Determination of strength of given strong Acidic solution (hydrochloric acid) by Strong Basic solution (NaOH) by using Conductivity meter
Glass ware required for this experiment is listed as:
- A Measuring Flask(100 ml)
- A Burette
- A Titration flask
- 2 Beakers(100&250 ml)
- A Pipette
- A Measuring cylinder
- A Funnel
Following apparatus is required:
- A Conductivity meter
- An Electrical Balance
- Iron Stand
The chemicals required are:
- A Sodium Hydroxide Solution (HCl, 31.5-33%)
- A Hydro Chloric Acid Solution (40g/mol)
- Distilled water
Conductometric is a type of titration in which the electrolytic conductivity of the reaction mixture is continuously monitored as one reactant. The equilance point is that at which the sudden change in conductance is shown by conductivity meter. The point at which the concentration of acidic and basic ions becomes equal is known as equilance point.
The reciprocal of resistance is called conductance.
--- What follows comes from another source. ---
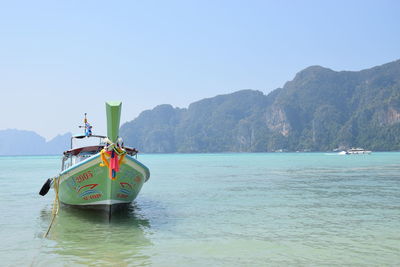 Boat in sea against clear sky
The units used for conductance are ohm-1 or mho
Factors of Conductance:
The conductance of solution is due to:
- Number of ions
- Movements of ions
The reaction in which hydro chloric acidic (HCl) solution is titrated against a solution of sodium hydroxide (NaOH) is given below.
(H+ + Cl-) +Na+ +OH-→ NaCl +H2O
The addition of an electrolyte to a solution of another electrolyte under the conduction involving non-appreciable change in volume will affect the conductance of the solution whether it is ionic or not.
During titration when a strong acid is added to an alkali solution, the conductance of the reaction will decrease owing to appearance of ions and its replacement with less mobile ions of acid and base.
The solution of known concentration is called standard solution. Here standard is the parameter in which quantity of solute is given i.e. molarity, normality, molality of formality. There are two types of standard solution.
- Primary standard solution
- Secondary standard solution
Primary standard solution:
A primary standard solution is that whose concentration remains constant with passage of time is known as Primary standard solution. A primary solution is a reagent that is extremely pure, stable and has no water of hydration for example oxalic acid. Some primary standard solution of titration of acids includes sodium carbonate.
Secondary standard solution:
A secondary standard solution is that which is impure, instable, hygroscopic, whose concentration changes with the passage of time. For example sodium hydroxide (NaOH), in open air it absorbs moister and its concentration is changed.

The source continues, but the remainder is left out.